I suppose they're not wrong, and I'm probably guilty of doing it myself. In fairness, the choice in your average stationer isn't exactly comprehensive. You can pretty much only get saccharine floral rhyming nonsense that you'd be embarrassed to send your Granny, or variations on smiling 1950s housewives saying 'Happy Birthday you c***'. I got many of the latter; they may have been offset by sweet messages inside, but I knew the truth. All this might be water off a duck's back for someone else, but at no other time of the year does my 'everybody hates me' complex go into such overdrive as on my birthday.

This year, I panicked last minute and masochistically invited a few people over, not that I actually told anyone it was for my birthday. A few people were mortified when they figured it out because they hadn't bought me a card - obviously I breathed a sigh of relief at escaping another character assassination.

Many guests had, of course, been alerted by Facebook as to the day's significance and felt they couldn't turn up empty-handed, and so a few brought flowers.

Each one represented a cruel and unique catastrophe. Two people brought sunflowers - because I'm obnoxious and attention-seeking? Or freakishly tall? Orange roses - the botanical equivalent of 'I love you, but not like that'. Lilies - funeral flowers, 'I hope you die'. Carnations - 'As if I'd shell out on lilies to let you know that I hate you. I hate you'.

I spent most of the special day in the kitchen, maniacally preparing many types of salads. In the alternate universe that I occupied that day, I figured the more complex salads I prepared, the less people would resent me for making them come to my house.

Accordingly, I found myself doing things I would never normally dream of. I roasted lemons in sage. Having blanched them first, of course.

I went to the supermarket for orange blossom water. I needed one-quarter of a teaspoon of it. I still don't know what orange blossom water is, but I needed it, since presumably most of the guests had come only to judge my cooking and find it lacking.

But if cards speak volumes, then presents say so much more. Mercifully, 26 doesn't demand much in the way of gifts - but there were one or two.
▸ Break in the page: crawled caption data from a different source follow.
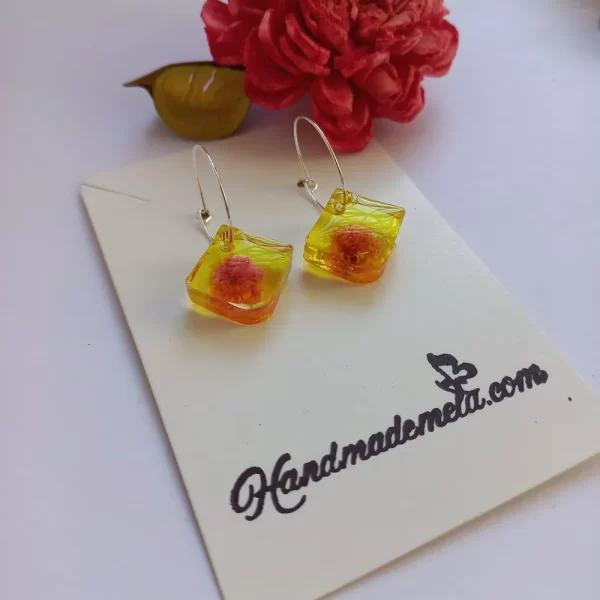 Handmade drop with flower resin earrings2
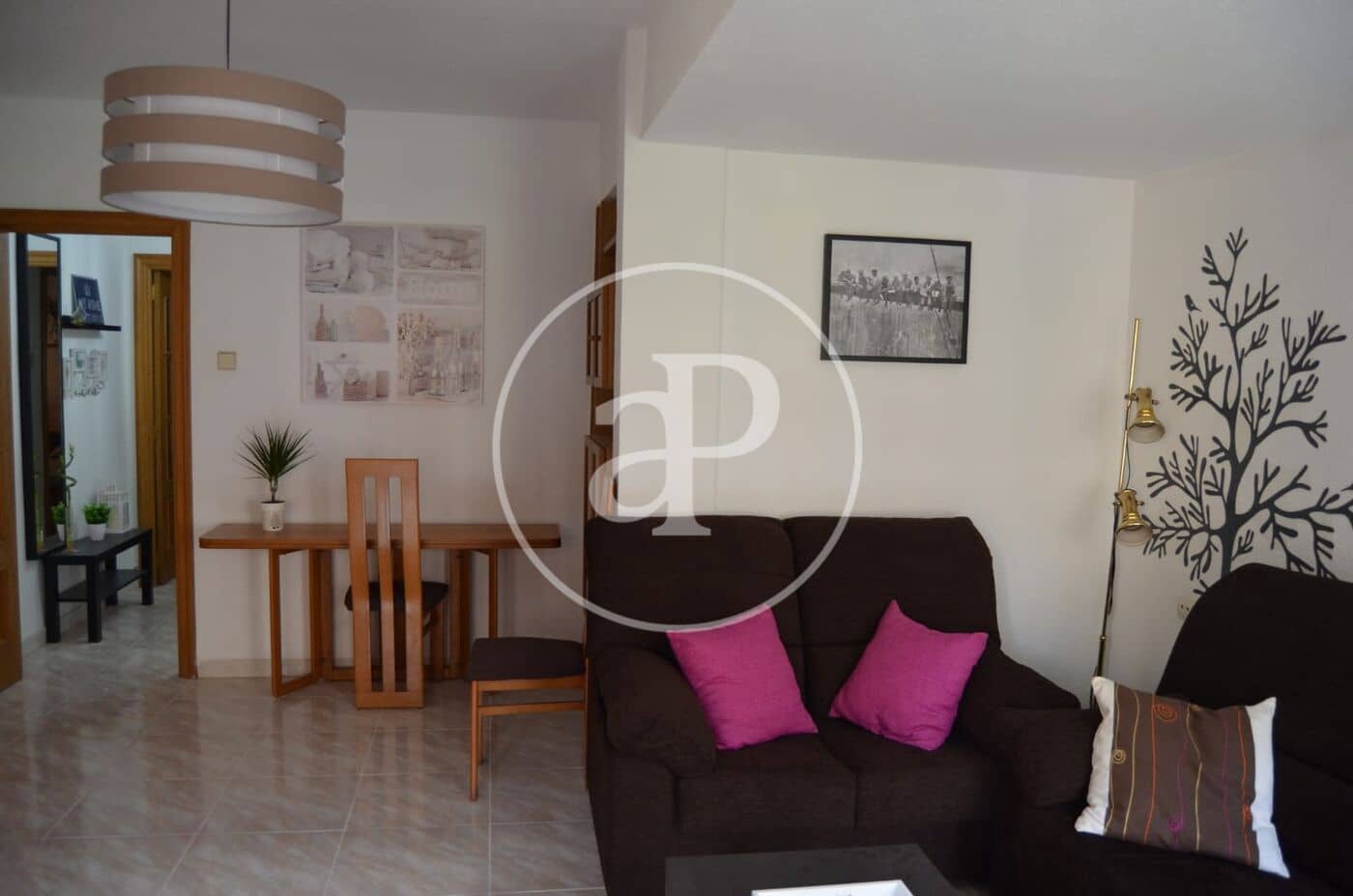4 soveværelse Lejlighed til leje i Valencia by - € 1.400 (Ref: 9884907)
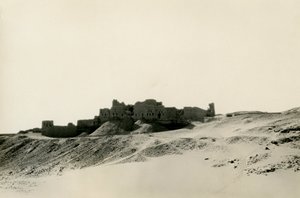 Kloster St. Simeon, von Norden gesehen, Assuan, Ägypten, Fotografie von Ugo Monneret de Villard von Ugo Monneret de Villard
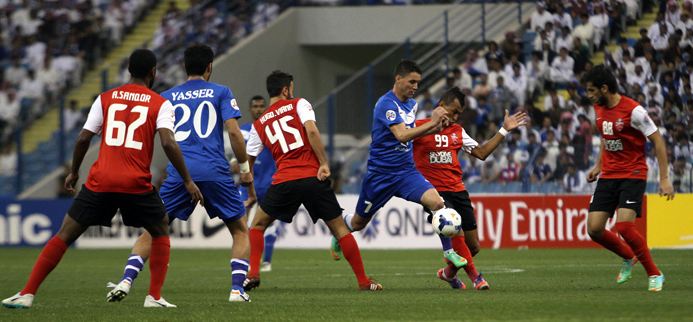 الهلال السعودي والأهلي الإماراتي يتعادلان بهدف لكل منهما في ذهاب الدور نصف النهائي لدوري أبطال آسيا لكرة القدم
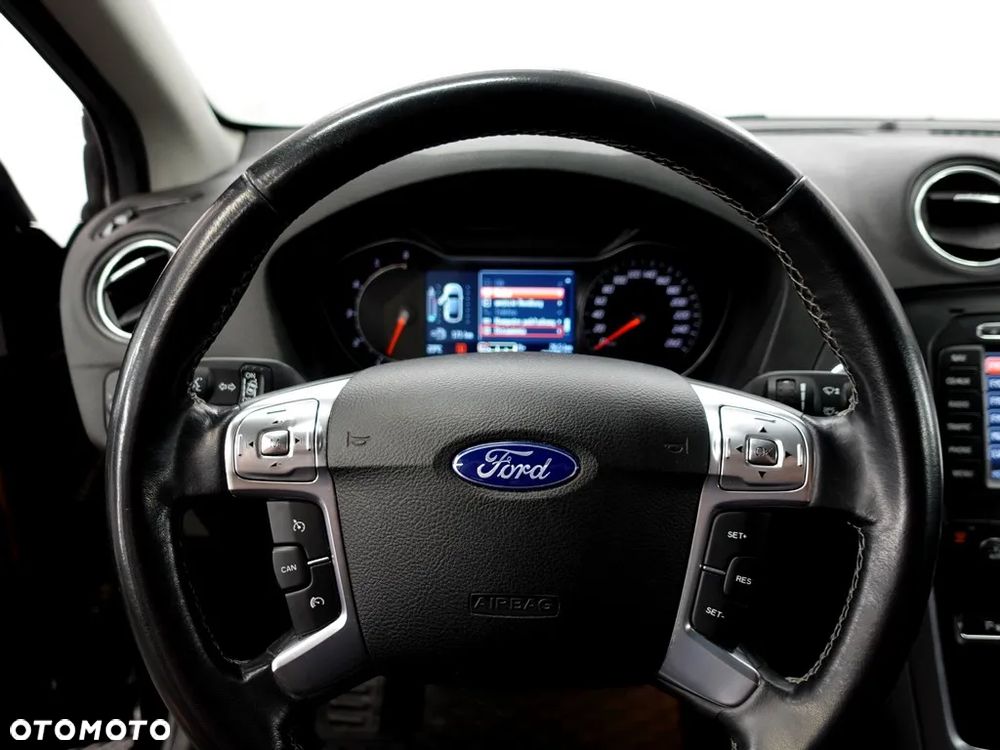 Ford Mondeo 2.0 TDCi Titanium - 15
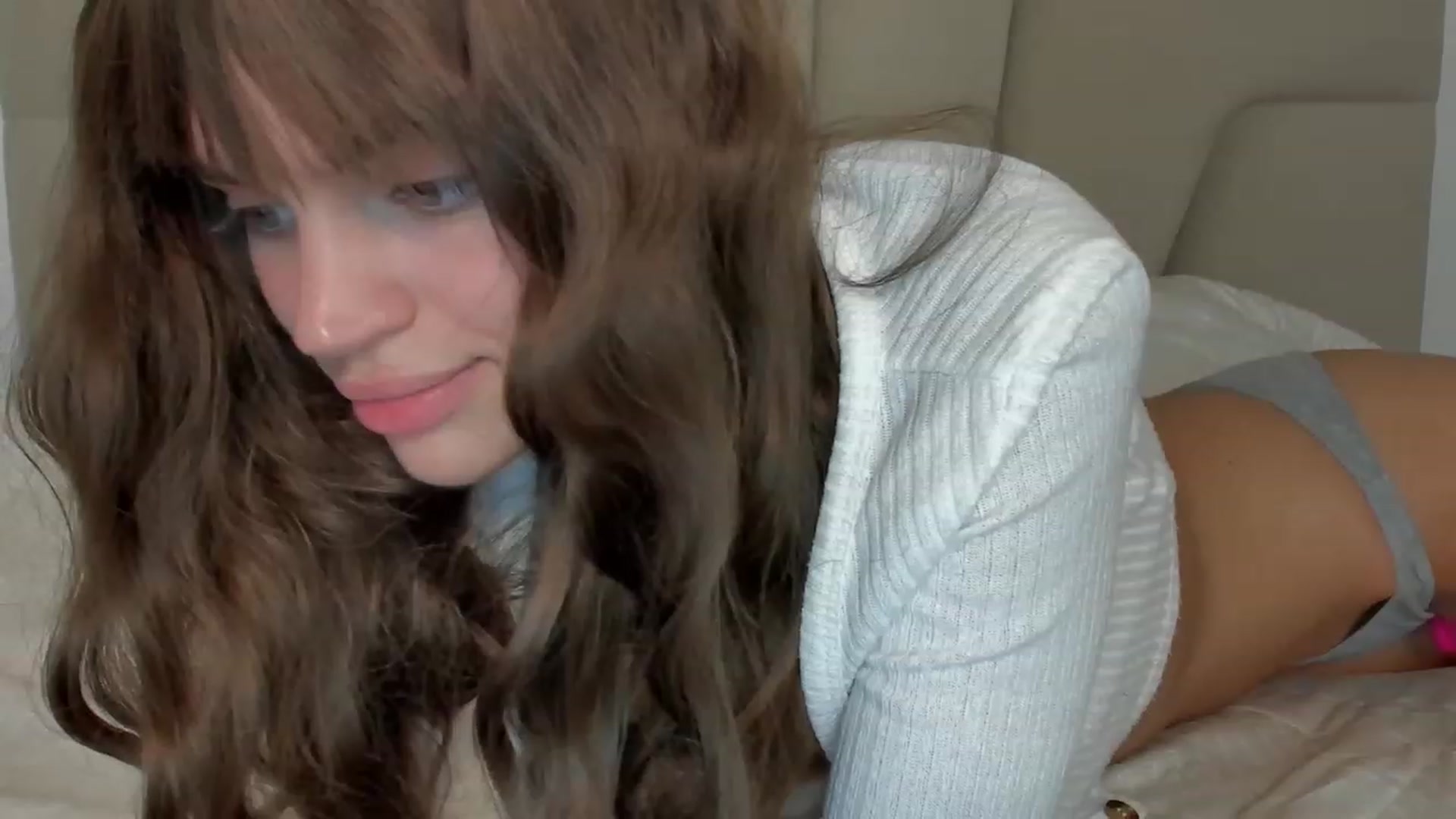 Gallery image thumbnail from Ana_bananana's myfreecams stream on, 07/18/2023, 07:42 image 10 of 20
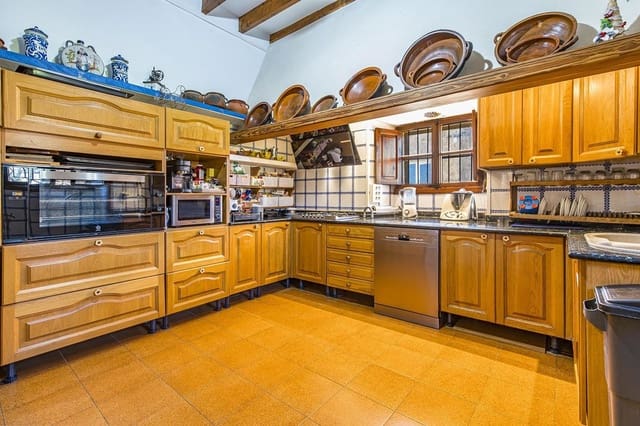 Finca/Casa Rural de 7 habitaciones en Lloret de Vista Alegre en venta con piscina garaje - 3.800.000 € (Ref: 9580057)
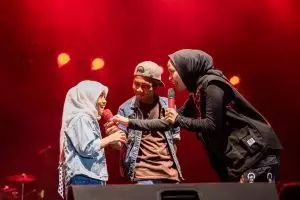 Momen Tantri Kotak ajak pengamen cilik manggung suaranya bikin merindi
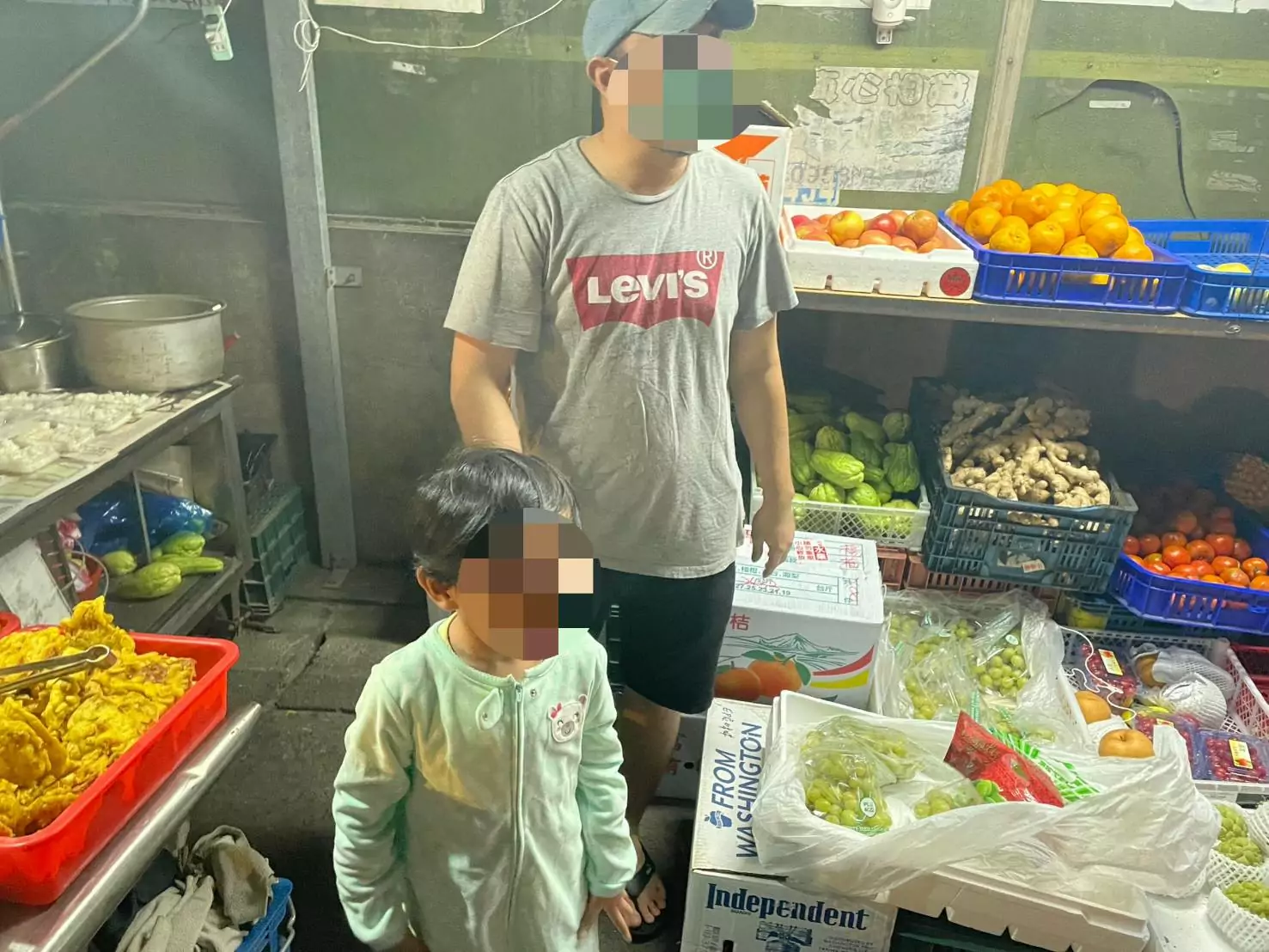 女童為找爸媽偷跑出門 大園警助女童平安返家 331558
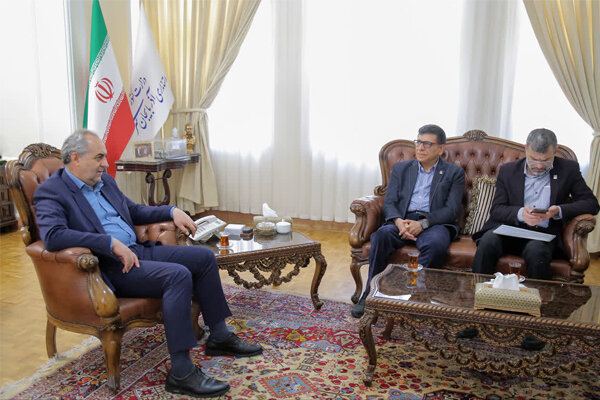 سرمست: توسعه مراکز خون‌ گیری در آذربایجان شرقی ضروری است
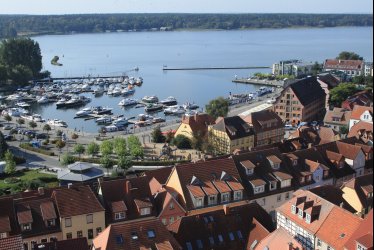 Blick über Waren an der Müritz © babelsberger-fotolia.com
At the non-birthday party this year, I was forced to admit that my only present had come in the post from my ex-boyfriend. Two books and a friendly card, which was duly passed around the table for inspection.

Having read it forwards and backwards with various inflections to achieve various meanings, The Girls were forced to come to the conclusion that he definitely wasn't still in love with me. 'Oooooh my God, such a keeper though. Why did you break up?' As birthdays for narcissists go, it was pretty bad.

A few days later I received in the post a pair of runners from my oldest friend. They are metallic pink and the soles light up when you walk - you can control the colour of the LEDs from your phone. Obviously, I loved them. But then the doubt set in - what if she has sent these with the intention of me looking like a total twat? Is it in any way acceptable to wear light-up shoes after the age of eight? I lay awake wondering what I had done to deserve such aggressive public humiliation.

My darkest insecurities were validated recently when an actual scientist published his findings on friendship: apparently, half our friends don't actually like us. There was much disbelief around the internet, but after this year's birthday, I certainly wasn't surprised. The number is probably higher. Thank God I have a year for my ego to recover.